Gold-Band-1Friedrich Gerstäcker
Gold
Ein kalifornisches Lebensbild aus dem Jahre 1849
Kapitel 7 Teil 2
Nach dem Brand

Oben in Pacific Street, in einem kleinen einzeln stehenden Haus, das nur von Sparrenwerk errichtet war, und Wände und Dach von darüber gespannten, blauen, schon in der Sonne arg verschossenen Kattun hatte, lag auf einer, in die Ecke und auf die nackte Erde geschobenen Matratze, mit einer weißen wollenen Decke zugedeckt, ein Kranker in festem, aber unruhigem Schlaf.

Neben dem Lager stand eine junge bleiche bildschöne Frau. Ein alter Mann mit weißen Haaren hatte sich gerade über den Fieberkranken gebeugt, um mit vorsichtigem Finger seinen Puls zu fühlen. Die Frau schaute mit ängstlich gefalteten Händen und besorgtem Blick nach dem Ausdruck seiner Züge. Als der alte Arzt nachdenklich mit dem Kopf schüttelte, ergriff sie leise seinen Arm und führte ihn der Tür zu.

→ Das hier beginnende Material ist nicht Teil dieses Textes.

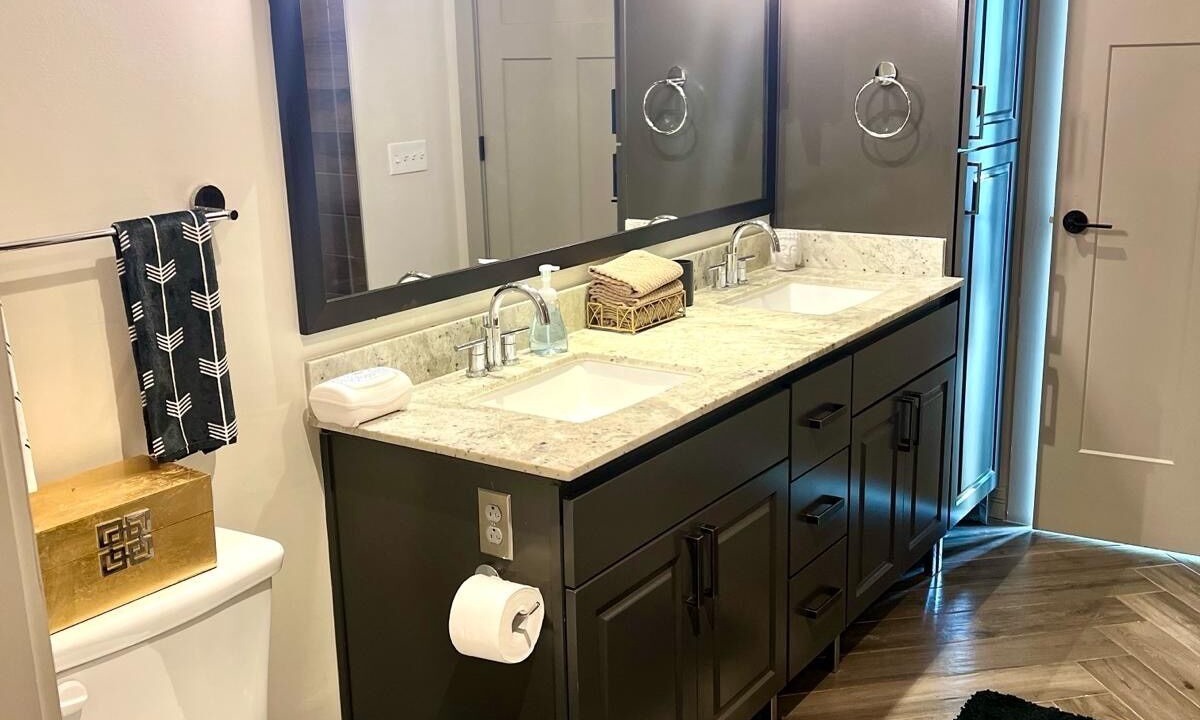 Photo of Bathroom in Uptown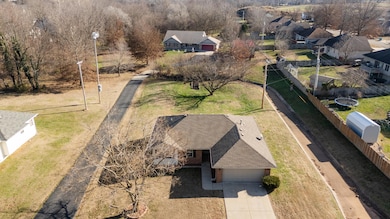 802 S Fountain Ave, Republic, MO 65738 - photo 3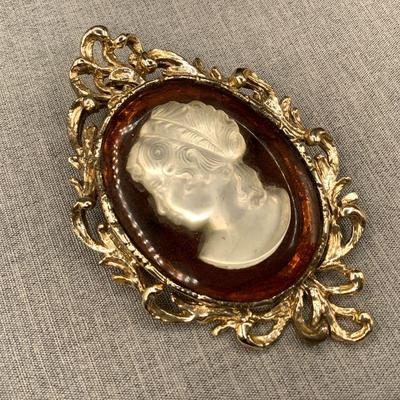Cameo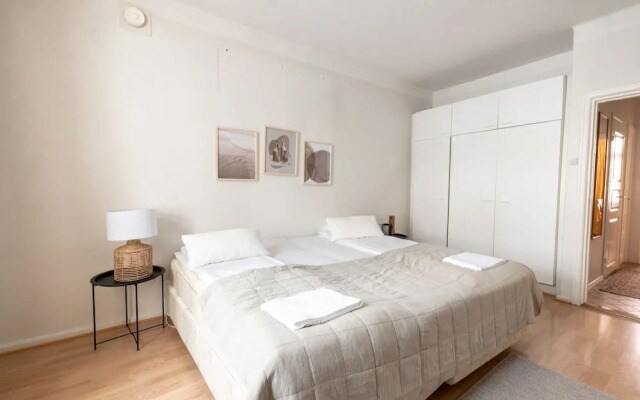 2ndhomes Spacious Studio in the Center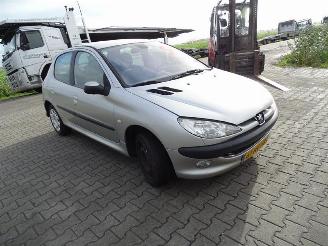 Peugeot 206 1.4 picture 4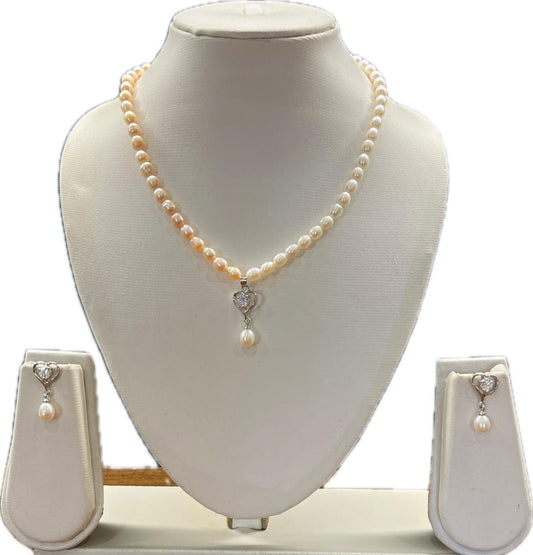 6 mm Oval White & Pink Pearl Necklace Set with Heart-Shaped Pendant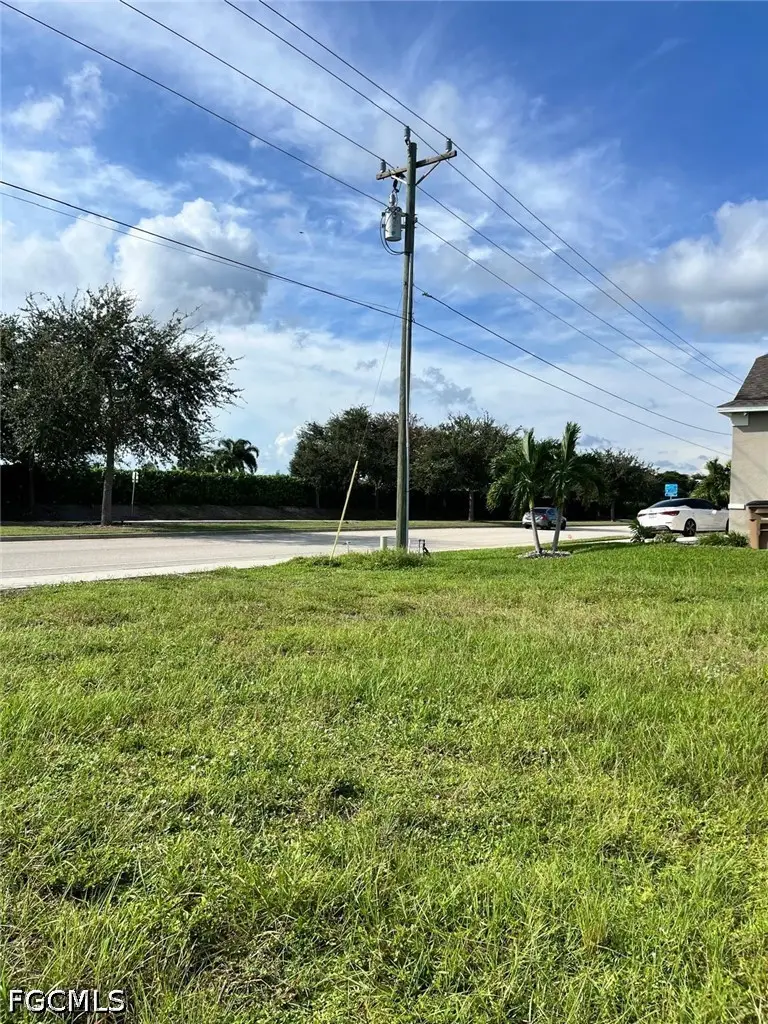 2001 Surfside Boulevard, Cape Coral, FL 33991 - #2
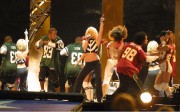 Бритни Спирс (Britney Spears) Live at The 2003 NFL Kick Off - 30xHQ 39b961282733815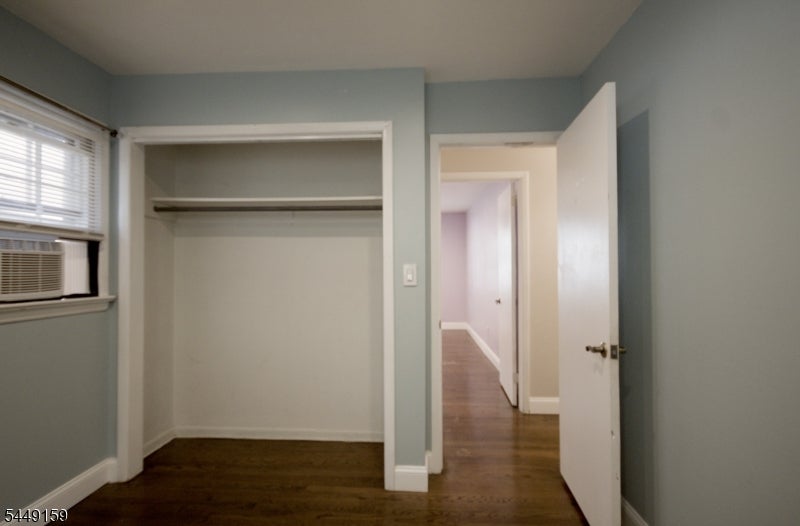 16 W Prospect St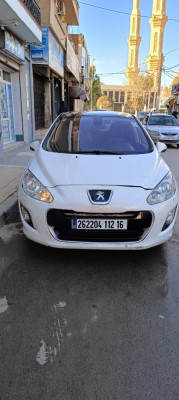 moyenne-berline-peugeot-308-2012-batna-algerie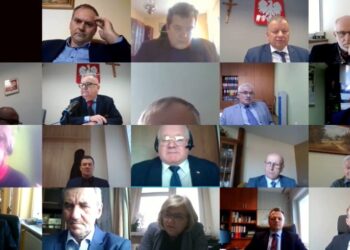 Mielec: Burzliwie i gorąco na sesji powiatowej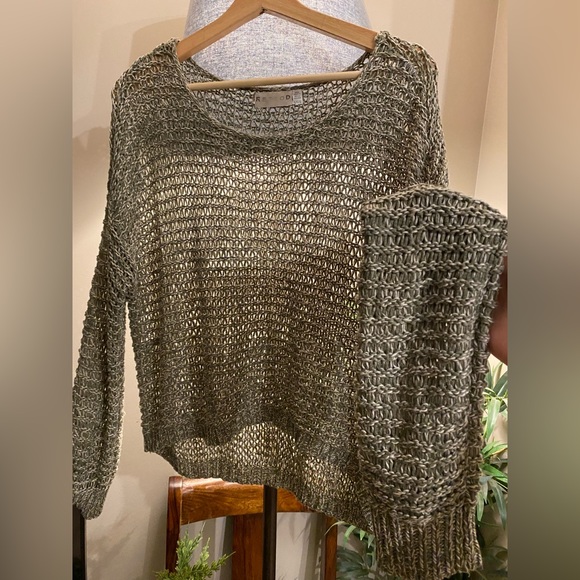 Sage Green Retrod Loose Knit Semi-Crop Sweater | LG - Picture 3 of 3
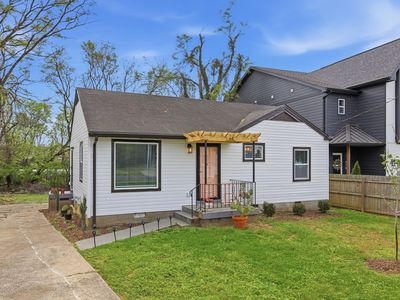 64 Creighton Ave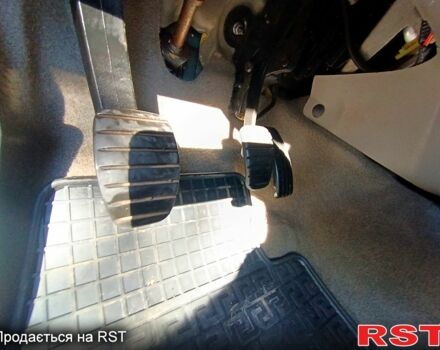 Синий Рено Кенгу, объемом двигателя 1.6 л и пробегом 0 тыс. км за 6800 $, фото 5 на Automoto.ua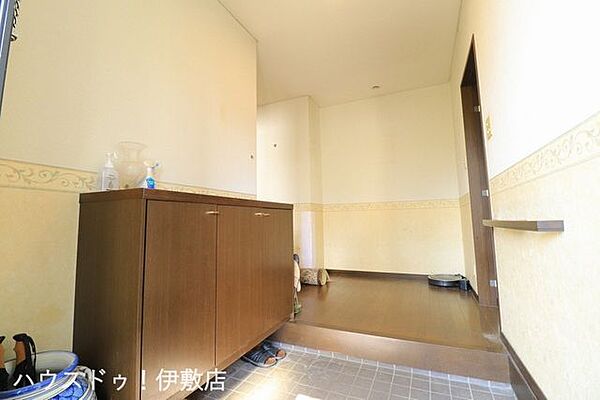 【玄関】弊社にて無料でリフォーム見積もり致します。ワンストップサービスで物件の購入からリフォーム工事まで弊社にお任せ下さい。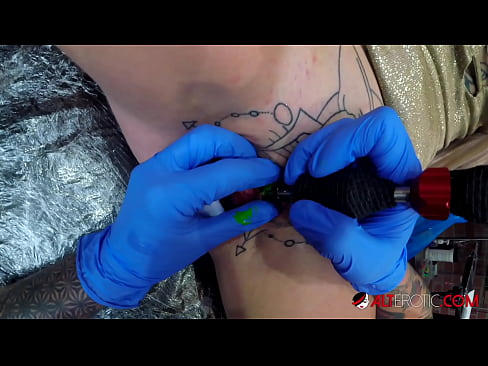 ❤️ Extremt tatuerade snyggingen Sully Savage fick en tatuering på sin klitoris ️ Porno at us sv.hentai-for.ru ❌❤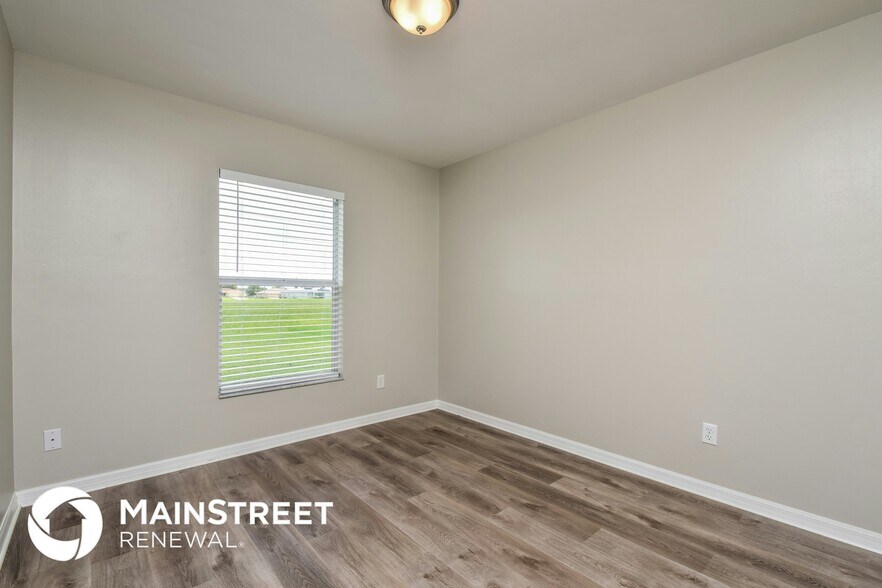 Building Photo - 2229 NW Juanita Pl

»Sie sind mit seinem Zustand nicht zufrieden, Doktor?«, fragte sie ihn mit zitternder Stimme. »Oh bitte, verhehlen Sie mir nichts. Seien Sie überzeugt, dass die schreckliche Gewissheit immer tausendmal besser ist, als dieses peinliche Zagen, diese Angst, die mich zuletzt verzehren müsste.«

»Fürchten Sie nichts, Mrs. Hetson«, sagte aber der alte Mann freundlich, »sein Puls gefällt mir allerdings nicht recht, aber er liegt gerade in stärkster Fieberhitze, und ich hoffe ziemlich fest, dass aus der ganzen Sache weiter nichts wird, als eben ein Fieber, das wir schon wieder heben können. Freilich wäre es wünschenswert, dass sich dazu, besonders für Sie, eine freundlichere Umgebung schaffen ließ, als eben diese Kattunbude, die der erste starke Regen zusammenwaschen müsse.«

»Oh denken Sie nicht an mich, Doktor«, bat die Frau. »Schaffen Sie mir nur die Beruhigung, dass mein armer Frank wieder hergestellt wird, und ich will Ihre Kunst segnen.«

»Ja, beste Mrs. Hetson«, sagte achselzuckend der Arzt, »ich fürchte fast, dass das eigentliche Übel Ihres Gatten außer dem Bereich meiner Kunst und mehr in seinem Geist – vielleicht seiner Einbildung beruht. Sie wissen, was ihm diesen Zustand zugezogen?«

»Nein, nicht das Geringste.«

»Und wo fanden Sie ihn?«

»Der Arzt fand ihn, ein Gentleman aus England, in dessen Haus wir geflüchtet waren, ehe die Flamme auch dort hinüberschlug, und uns zwang zu flüchten. Hetson war indessen zu dem Parkerhaus zurückgeeilt, wenn möglich noch Einiges von unseren Sachen zu retten. Jener Arzt fand ihn bewusstlos auf der Straße liegen, mit einer Anzahl Neugieriger um ihn her, erkannte ihn glücklicherweise, ließ ihn in dies kleine Haus schaffen, das ebenfalls ihm gehört, und brachte mich, die er indes in die Wohnung seines Bruders geführt hatte, zu ihm. Er ist jetzt fortgegangen, Medizin zu holen, und ich danke nur Gott, dass er Ihre Schritte hierher gelenkt hat. Aber wie erfuhren Sie, dass wir uns hier befanden?«

»Nur durch einen anscheinenden Zufall«, sagte der alte Mann, »der hier das kalifornische Schicksal zu vertreten scheint – wenn wir überhaupt in unserem wunderbaren Leben einen Zufall wollen gelten lassen. Von Mitpassagieren hörte ich, dass Mr. Hetson, der einigen auf der Straße begegnet war, seine Frau verloren habe und außer sich darüber geraten sei. Einer der Leute hatte ihn aber glücklicherweise mit in diese Wohnung tragen helfen und war so freundlich, mich selber hierher zu führen.«

»Aber wie kann um Gotteswillen diese Krankheit nur in seiner Einbildungskraft beruhen?«, fragte die Frau.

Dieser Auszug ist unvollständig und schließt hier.